*Your assignment*: Return each line below holding the string "when".

*Excerpted records*:
__________________________________________________

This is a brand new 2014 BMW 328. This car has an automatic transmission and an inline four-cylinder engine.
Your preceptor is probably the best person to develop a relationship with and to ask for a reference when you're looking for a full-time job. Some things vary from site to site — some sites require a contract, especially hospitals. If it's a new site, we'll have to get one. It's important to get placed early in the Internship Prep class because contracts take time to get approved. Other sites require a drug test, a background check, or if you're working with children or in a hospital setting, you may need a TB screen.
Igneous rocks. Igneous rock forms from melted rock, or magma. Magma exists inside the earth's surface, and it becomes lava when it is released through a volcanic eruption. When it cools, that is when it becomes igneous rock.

__________________________________________________

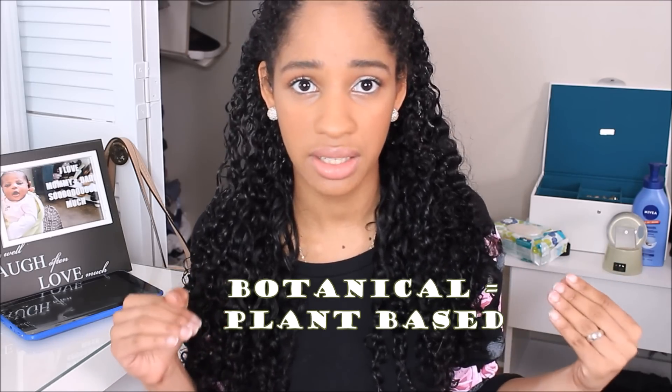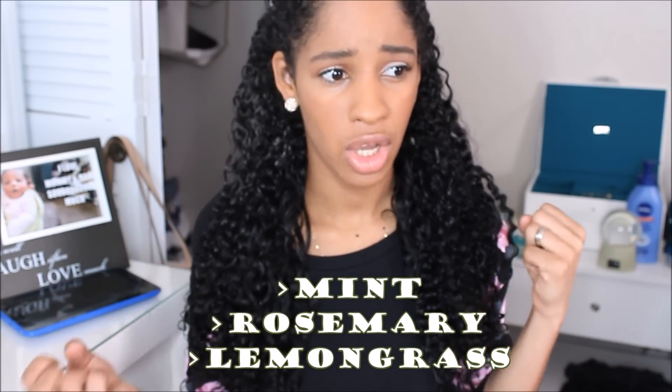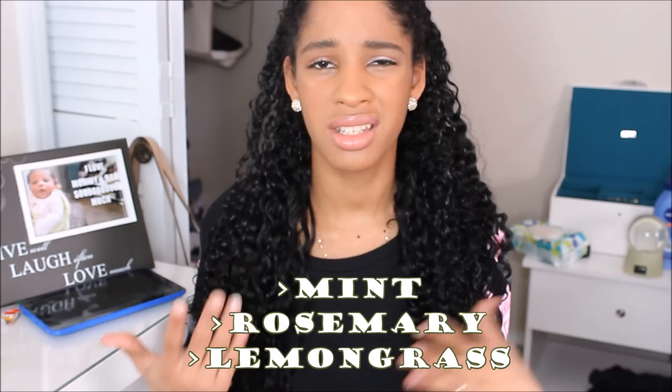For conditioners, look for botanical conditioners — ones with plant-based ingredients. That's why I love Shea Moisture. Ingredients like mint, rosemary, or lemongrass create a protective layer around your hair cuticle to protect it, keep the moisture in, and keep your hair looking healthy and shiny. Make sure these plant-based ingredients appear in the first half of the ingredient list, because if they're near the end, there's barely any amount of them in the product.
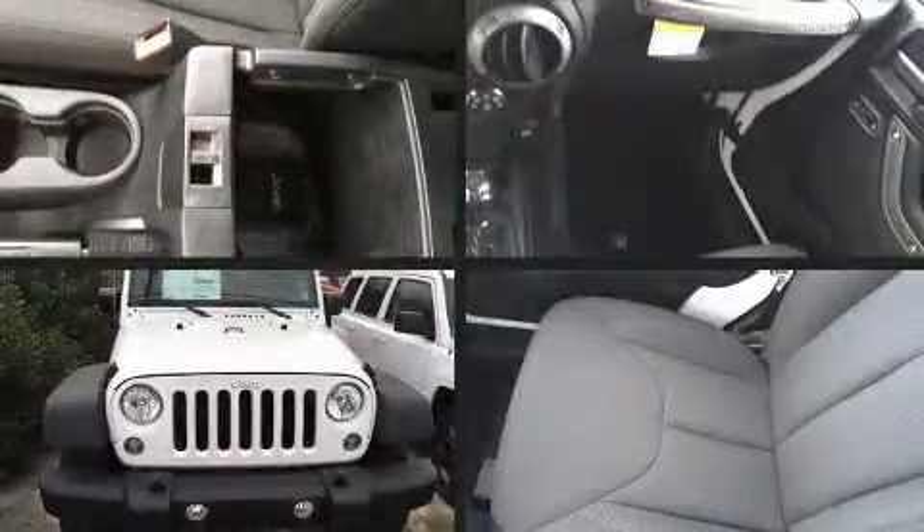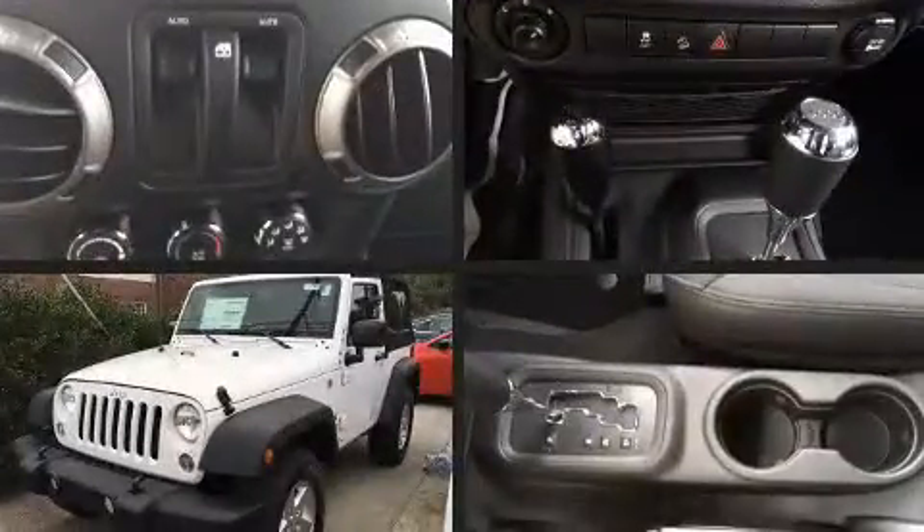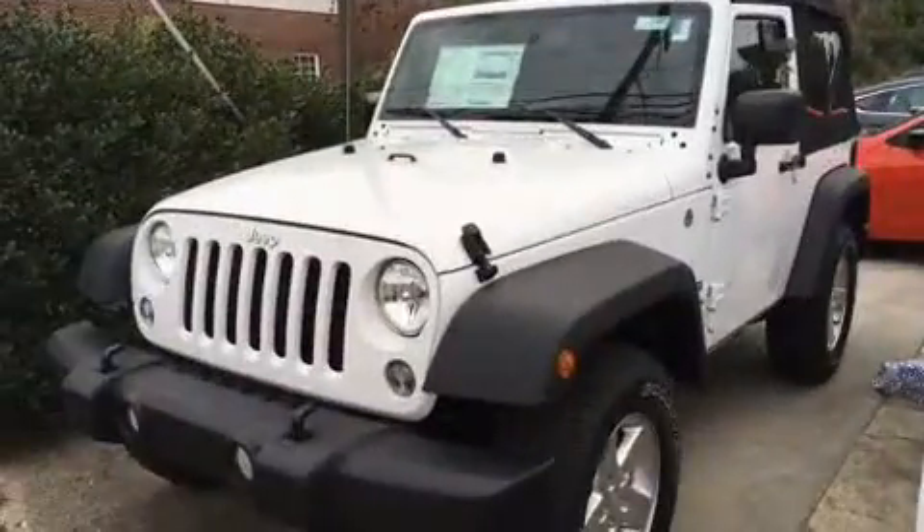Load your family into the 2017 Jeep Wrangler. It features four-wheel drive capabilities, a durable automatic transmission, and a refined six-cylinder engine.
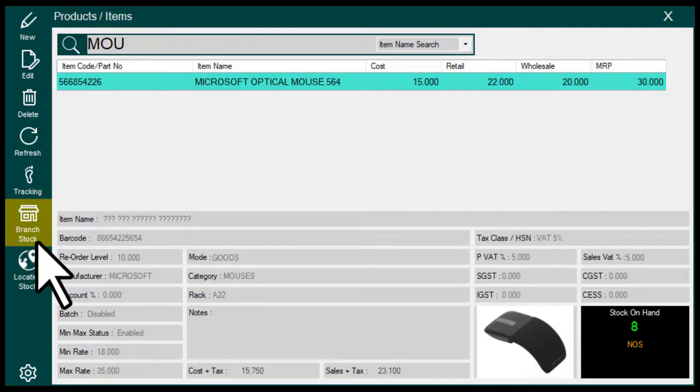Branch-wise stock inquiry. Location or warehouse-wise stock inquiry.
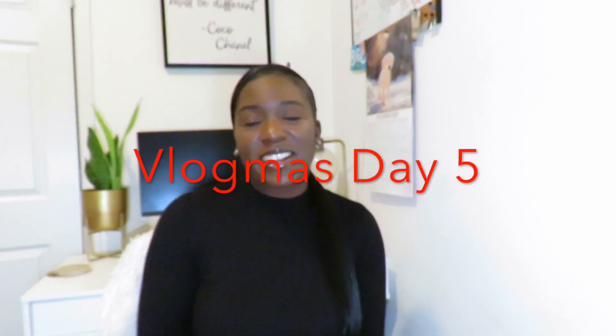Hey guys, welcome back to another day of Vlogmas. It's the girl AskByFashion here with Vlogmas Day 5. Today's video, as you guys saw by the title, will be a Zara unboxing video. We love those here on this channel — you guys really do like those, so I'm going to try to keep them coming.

__________________________________________________

*Solved problem*:
Your preceptor is probably the best person to develop a relationship with and to ask for a reference when you're looking for a full-time job. Some things vary from site to site — some sites require a contract, especially hospitals. If it's a new site, we'll have to get one. It's important to get placed early in the Internship Prep class because contracts take time to get approved. Other sites require a drug test, a background check, or if you're working with children or in a hospital setting, you may need a TB screen.
Igneous rocks. Igneous rock forms from melted rock, or magma. Magma exists inside the earth's surface, and it becomes lava when it is released through a volcanic eruption. When it cools, that is when it becomes igneous rock.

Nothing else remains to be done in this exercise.